Вроде бы ещё присягу не приняли, в нарядах не побывали, а уже начинается…
Возле моей кровати собрались четверо парней. Судя по перемещениям и скупым движениям, мне была уготована участь быть разыгранным старым дедовским способом под названием «Потолок падает!» Суть розыгрыша проста, как пять копеек: четыре человека берутся за концы простыни, натягивают её так, чтобы получилась ровная поверхность. Пятый человек будит спящего и, когда тот открывает сонные глазки, на него опускается натянутая простынь с диким криком: «Потолок падает!!!»
Ещё не проснувшийся человек паникует, взбрыкивает, орет и производит иные забавные телодвижения. И вот сейчас ребята захотели сделать этот розыгрыш со мной…
Ну что же, посмотрим, кто ещё кого разыграет…

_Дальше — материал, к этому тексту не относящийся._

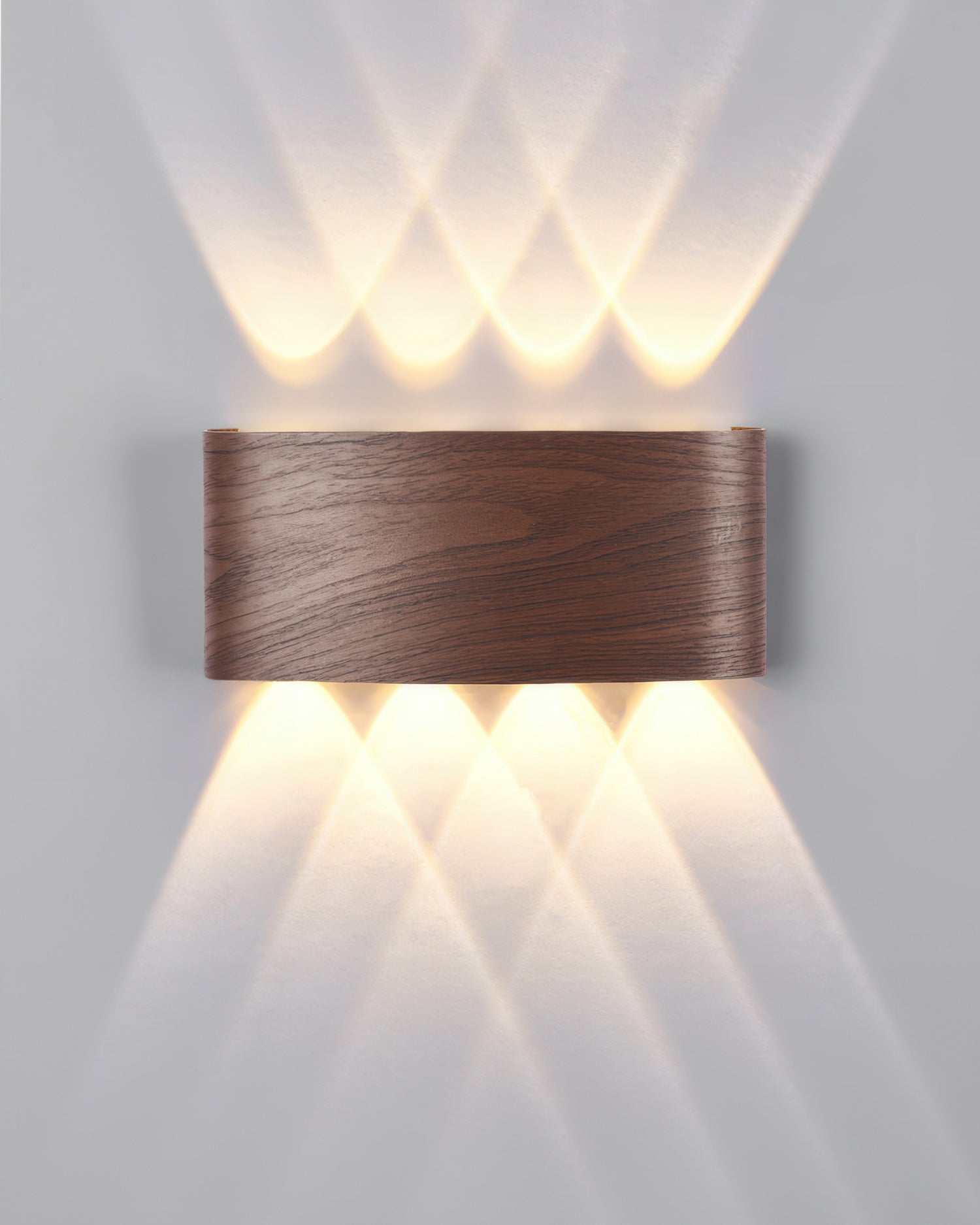 AsterLuma Woodgrain LED Outdoor Sconce with Weather-Resistant Exterior Finish for Patios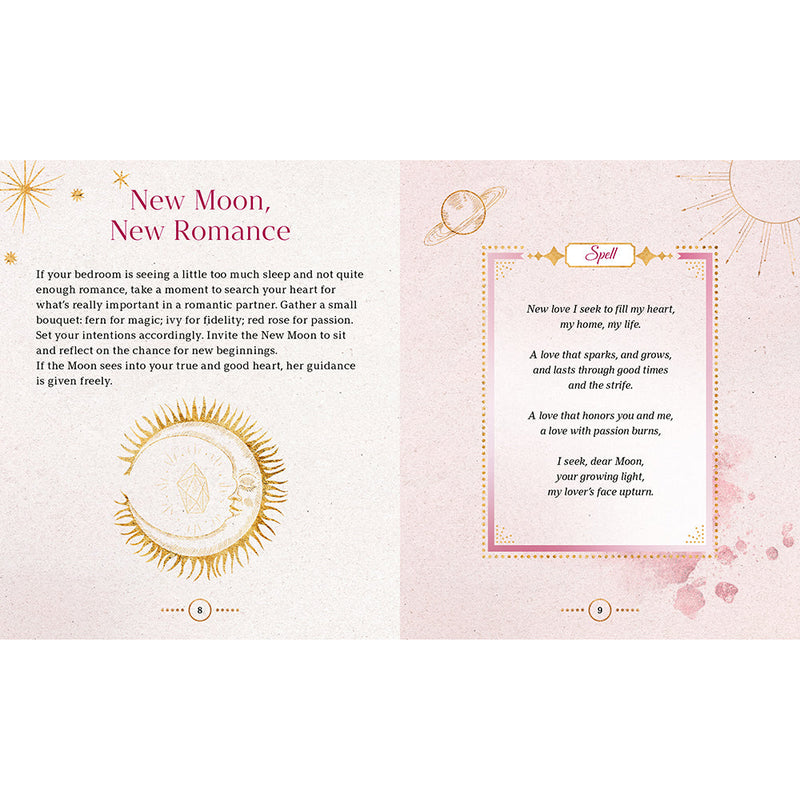 Love Spells guide featuring a New Moon romance ritual, focusing on attracting and nurturing love.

Вот все приготовления сделаны. Вот ко мне тянется рука. Вот уже трясут за плечо и раздается дикий крик в ухо:
— Сенька, атас! Потолок падает!!!
На меня опускается «потолок». Я тут же вскакиваю, путаюсь в простыне и падаю. После этого затихаю под шумный гогот. А веселятся все вокруг. Похоже, что разбудили всю спальню ради такого розыгрыша.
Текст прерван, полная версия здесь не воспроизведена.